Desalinhamento de Configuração Entre Transmissor e DCS
Uma das causas mais frequentes de divergência nas leituras é a configuração incorreta da faixa.
Por exemplo, se um transmissor de temperatura está calibrado para 0–250 °C, mas a faixa do DCS está ajustada para 0–200 °C, o visor da sala de controle mostrará um valor incorreto em comparação com o visor de campo.
Para evitar isso, sempre verifique se tanto o transmissor quanto o DCS ou a placa de entrada analógica do CLP compartilham as mesmas configurações de VRI (Valor Inferior da Faixa) e VRS (Valor Superior da Faixa). A configuração consistente entre os dispositivos garante uma escala precisa e elimina a causa mais comum de divergência.

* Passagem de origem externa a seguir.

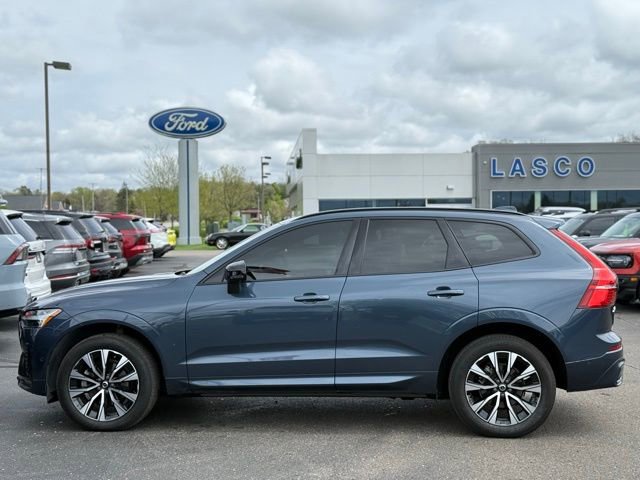 Used 2023 Volvo XC60 B5 Plus AWD/4WD image 46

Quando a Configuração Está Correta, mas as Leituras Ainda Divergem
Às vezes, mesmo quando ambas as configurações coincidem perfeitamente, as discrepâncias persistem. Isso ocorre frequentemente devido a uma queda de corrente no loop 4–20 mA—um problema sutil, porém impactante, na transmissão de sinal analógico.
Embora o padrão 4–20 mA teoricamente mantenha corrente constante em todo o loop, condições práticas como alta resistência nos cabos ou terminações inadequadas podem causar pequenas, mas mensuráveis, quedas.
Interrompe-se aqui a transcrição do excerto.